The result is overall lower productivity and a considerable waste of human resources. Although this is recognized by the state, there are barriers to reform.
Seniority-based wages have served as a means to justify retirement at a young age as employers argue that older workers earn wages that exceed their contribution to the firm. As such, uniform retirement is seen by both management and labour as an acceptable means of removing a cohort of less productive – vis-à-vis their wages – workers. In other words, mandatory retirement is a trade-off for seniority-based wages.
Labour unions are unwilling to agree to revisions to seniority-based wages, fearing that it will result in overall wage reductions for all workers. Rather unions would prefer that the government mandate a retirement of 60 for all workers, thus leaving the seniority system intact. The state however is loath to act when faced with opposition from business.
However, the hands of the state, as well as the labour market partners, are being forced by unprecedented demographic shifts. With fertility at a world’s low of 1.4 children per woman for nearly two decades, Korea will soon experience labour shortages. There will be fewer and fewer young workers and more older ones. This demographic trend is not restricted to Korea, which is why lengthening working lives is on the agenda of nearly every developed nation. However, the reforms in Korea will be unique in that working lives in the ‘first career’ need to be lengthened, while time spent in the ‘second career’ needs to limited, if not eliminated altogether.
Companies will need to recognize that middle aged workers are still valuable and, in some cases, require upgrading and opportunities to learn new skills. Organized labour will need to retreat from seniority linked wages and accept that workers will not necessarily earn more each year. In addition, a discourse of human rights will need to provide a rationale for government to ban hiring, and firing, workers based solely on the arbitrary criterion of chronological age.
Policy-makers began to act in 2007 when the government unveiled a proposal to raise the retirement age by five years. However, the global financial crisis and recession delayed legislation to implement the proposal.

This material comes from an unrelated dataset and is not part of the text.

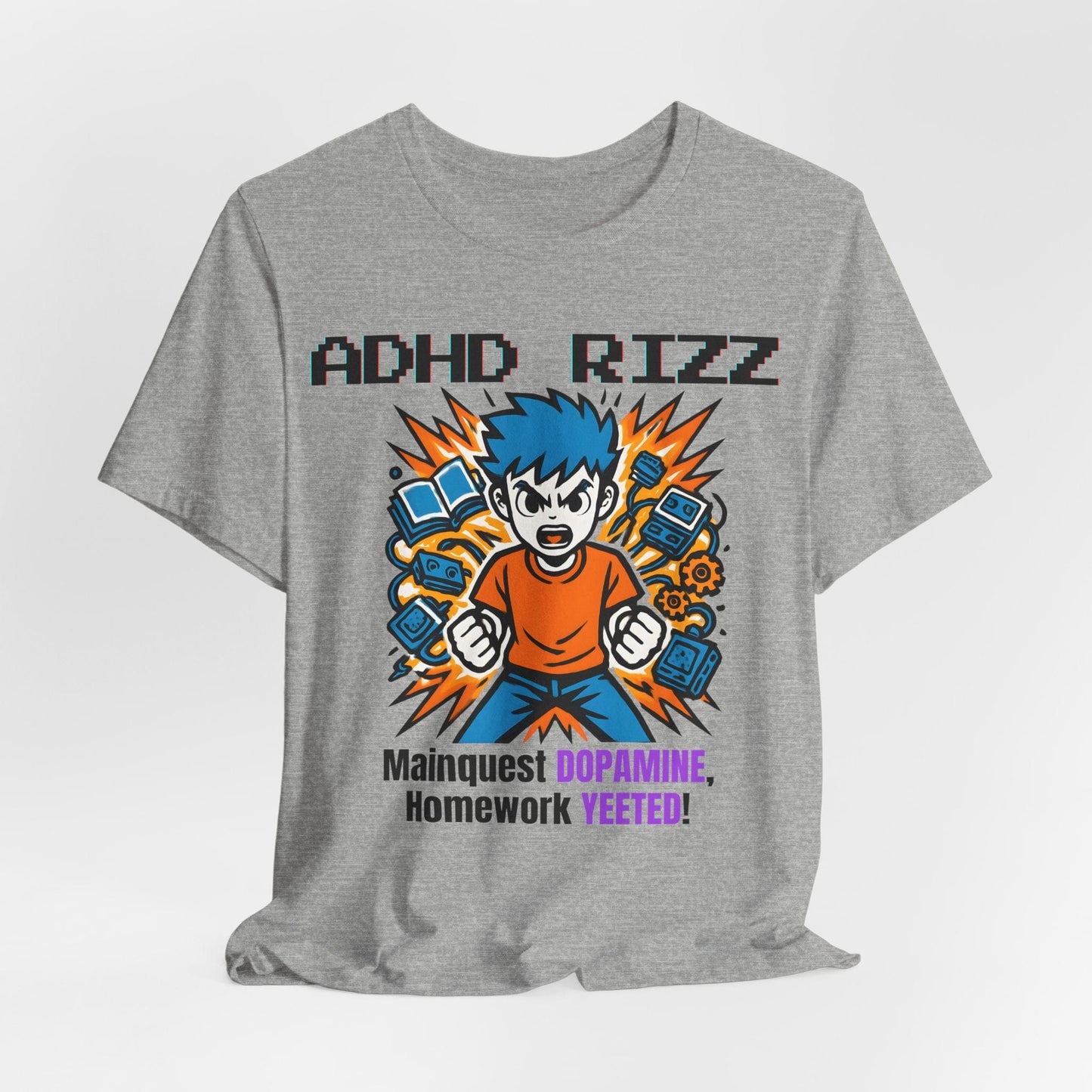 ADHD RIZZ Mainquest DOPAMINE Homework Yeeted Orange | ADHD Tee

With an economic recovery underway, pressure will mount for the government to lead by example and make 60 the normal retirement age for all state workers, and mandating large employers, such as financial institution, to follow.

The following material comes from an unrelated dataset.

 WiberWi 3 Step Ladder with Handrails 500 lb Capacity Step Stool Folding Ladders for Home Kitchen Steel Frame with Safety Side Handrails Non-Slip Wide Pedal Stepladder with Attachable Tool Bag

Although there will be some negative reaction for employers, such an initiative will not be widely opposed, and indeed will be welcome by many particularly the large group of workers now in their 30s and 40s. That some of the more physically demanding and lower-added value manufacturing jobs are being shifted to other nations, also means that the argument that workers are ‘worn-out’ and less productive by the time they reach their early 50s carries less weight. Increasingly, unions and workers will recognize that remaining employed in the formal sector, even if wages are capped, is a better option than the current early exit to precarious employment.
For Korea, the aging of the population provides an opportunity to reform its atypical labour market arrangements. Such reforms often involve winner and losers. With any luck, Korea will be an example were the outcome is of advantage to both workers and employers.
Thomas R. Klassen is an associate professor in the Department of Political Science, and the School of Public Policy and Administration at York University (Toronto). He is co-editor of Retirement, work and pensions in ageing Korea.